问题
Description of Problem
Below I have a program that is performing two simple addition and multiplication operations. I am then storing the sum of these two simple operations in two respective variables called total1 and total2. In terms of computation total2 will take more time to be fully executed. The way I implemented the code, I am currently timing the entire simulation of both mathematical operations.
Question
Is it possible to time solely the end result of total1 and total 2 separately? I am asking so as I wish to get the specific time of total1 and total2 in a separate manner.
Purpose of Task
I am fully aware that long long is expensive with regards to memory and is not the most efficient way to save up memory. The sole purpose of this code and question is timing and not code optimization.
C Code
#include <stdio.h>
#include <time.h>
int main()
{
long long total1 = 0, total2 = 0, i = 0;
double simulation_time = 0;
clock_t Start = clock();
do
{
total1 += i + i;
total2 += i * i * i * i;
i++;
} while (i < 1000000000);
clock_t End = clock();
printf("Total 1 = %u \n", total1);
printf("Total 2 = %u \n", total2);
simulation_time = (double)(End - Start) / CLOCKS_PER_SEC;
printf("Runtime of Whole Simulation using clock_t: %f\n", simulation_time);
return 0;
}
回答1:
I am not sure I understand your problem, but to time each operation separately you simply have to make two separate loops.
#include <stdio.h>
#include <time.h>
int main()
{
long long total1 = 0, total2 = 0, i = 0, j = 1000000000;
double simulation_time1, simulation_time2;
clock_t Start, End;
/* addition */
Start = clock();
do
{
total1 += i + i;
i++;
} while (i < j);
End = clock();
simulation_time1 = (double)(End - Start) / CLOCKS_PER_SEC;
/* multiplication */
Start = clock();
do
{
total2 += i * i * i * i;
i++;
} while (i < j);
End = clock();
simulation_time2 = (double)(End - Start) / CLOCKS_PER_SEC;
printf("Total 1 = %u \n", total1);
printf("Total 2 = %u \n", total2);
printf("Runtime of Whole Simulation: %f\n"
"Runtime of Addition: %f\n"
"Runtime of Multiplication: %f\n",
simulation_time1 + simulation_time2,
simulation_time1, simulation_time2);
return 0;
}
回答2:
You have two operations you wish to time separately.
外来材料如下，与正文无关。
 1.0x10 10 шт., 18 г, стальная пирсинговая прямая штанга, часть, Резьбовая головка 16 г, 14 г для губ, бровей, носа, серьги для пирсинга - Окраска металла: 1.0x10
The first is accumulation of i+i
, and the second is accumulation of i*i*i*i
.
I am going to assume you are using GCC on x86-64 with -O2
.
If we comment out total2
, the generated assembly for the calculation of total1
is:
movabs rdx, 999999999000000000
Clever compiler! It does the entire computation at compile time. So the time taken by that is basically zero.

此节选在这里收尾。